メモ: Kafkaのレプリケーション
Confluentが公開しているKafkaのレプリケーションの記事が分かりやすかったので、該当コードを追って深掘りする(Advancing the Follower High Watermark
まで)
参照するコードは3.7.0
Kafkaへの書き込みと読み込みの流れ
- Produce Requestを受け取ったLeaderがLeaderEpochを書き込む
- FollowerがFetch Requestを送信する
- LeaderがHigh Watermarkを更新する
- FollowerがHigh Watermarkを更新する
LeaderEpochとは
LeaderEpochは現在のLeaderで何が行われていたかを追跡するために使われ、Leaderが変わったときに増加します。
The epoch is used to keep track of what work was done while this replica was the leader and it will be increased whenever a new leader is elected.
ref. Kafka Data Replication Protocol: A Complete Guide
LeaderがProduceされたレコードを書き込むとき、このLeaderEpochを記録します。
LeaderがLeaderEpochを書き込むまでの流れ
Produce Requestを受け取ったLeaderはhandleProduceRequestでProduce RequestのデータからTopicPartition -> MemoryRecords
のマップを作成します。
produceRequest.data.topicData.forEach(topic => topic.partitionData.forEach { partition =>
val topicPartition = new TopicPartition(topic.name, partition.index)
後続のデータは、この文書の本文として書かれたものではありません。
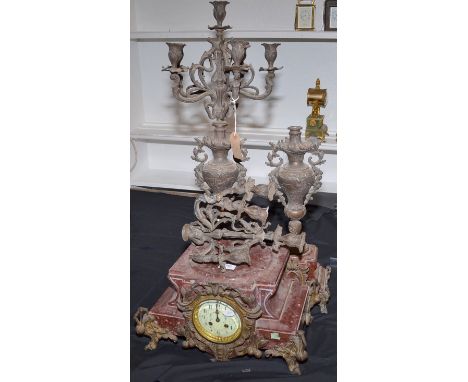 A continental red marble and spelter candelabra clock garniture.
// This caller assumes the type is MemoryRecords and that is true on current serialization
// We cast the type to avoid causing big change to code base.
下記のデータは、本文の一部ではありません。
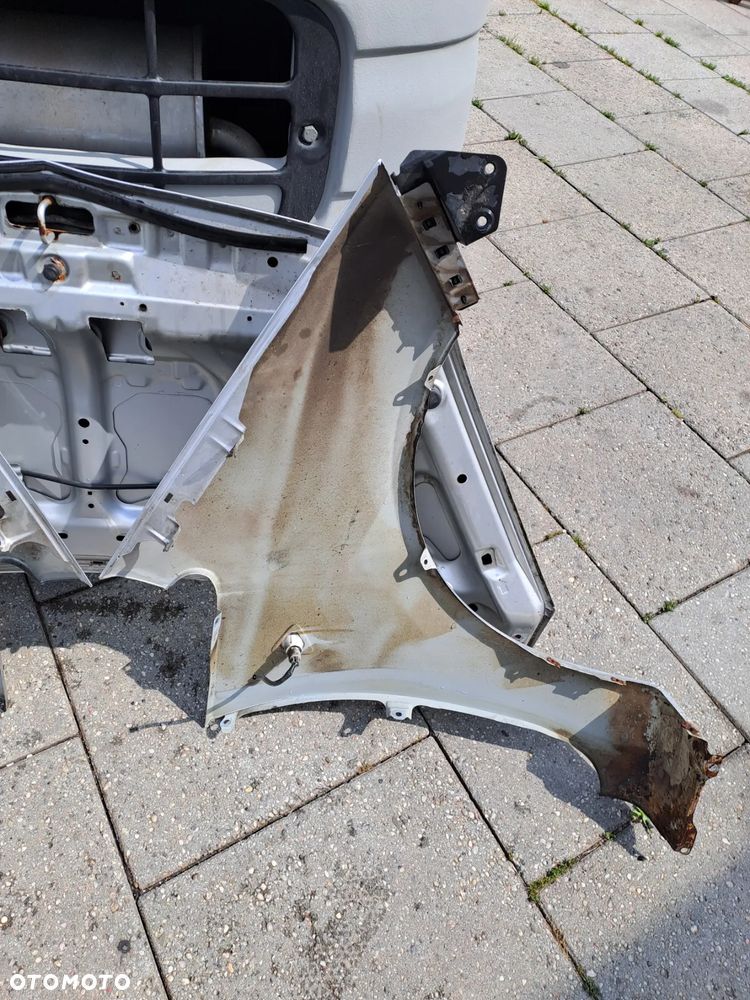 Mitsubishi Colt Z30 VI błotniki kod lakieru 21H - 29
// https://issues.apache.org/jira/browse/KAFKA-10698
val memoryRecords = partition.records.asInstanceOf[MemoryRecords]
~~
try {
ProduceRequest.validateRecords(request.header.apiVersion, memoryRecords)
authorizedRequestInfo += (topicPartition -> memoryRecords)
}
})
TopicPartitionはProduce Request内のトピック名とインデックス、MemoryRecords
はProduce Requestのrecords
から作成されます。
Produce Request (Version: 10) => transactional_id acks timeout_ms [topic_data] TAG_BUFFER
transactional_id => COMPACT_NULLABLE_STRING
acks => INT16
timeout_ms => INT32
topic_data => name [partition_data] TAG_BUFFER
name => COMPACT_STRING
partition_data => index records TAG_BUFFER
index => INT32
records => COMPACT_RECORDS
TopicPartition -> MemoryRecords
のマップはReplicaManager.appendRecordsに渡され
- ReplicaManager.appendRecordsToLeader
- ReplicaManger.appendToLocalLog
- Partition.appendRecordsToLeader
- UnifiedLog.appendAsLeader
- UnifiedLog.append
と処理が進み
LogValidator.validateMessagesAndAssignOffsetsでValidなMemoryRecords
が作成されます。
MemoryRecordsはMutableRecordBatchを持ち
Iterable<MutableRecordBatch> batches
MutablerecordBatch
はRecordBatchをextendしていて、
DefaultRecordBatch
は以下のようなスキーマになっており、PartitionLeaderEpoch
がLeaderEpochに対応します。
RecordBatch =>
BaseOffset => Int64
Length => Int32
PartitionLeaderEpoch => Int32
Magic => Int8
CRC => Uint32
Attributes => Int16
LastOffsetDelta => Int32 // also serves as LastSequenceDelta
BaseTimestamp => Int64
MaxTimestamp => Int64
ProducerId => Int64
ProducerEpoch => Int16
BaseSequence => Int32
Records => [Record]
なお、LeaderEpochはPartitionが持っていて、PartitionからUnifiedLog.appendAsLeaderを呼ぶときに渡されます。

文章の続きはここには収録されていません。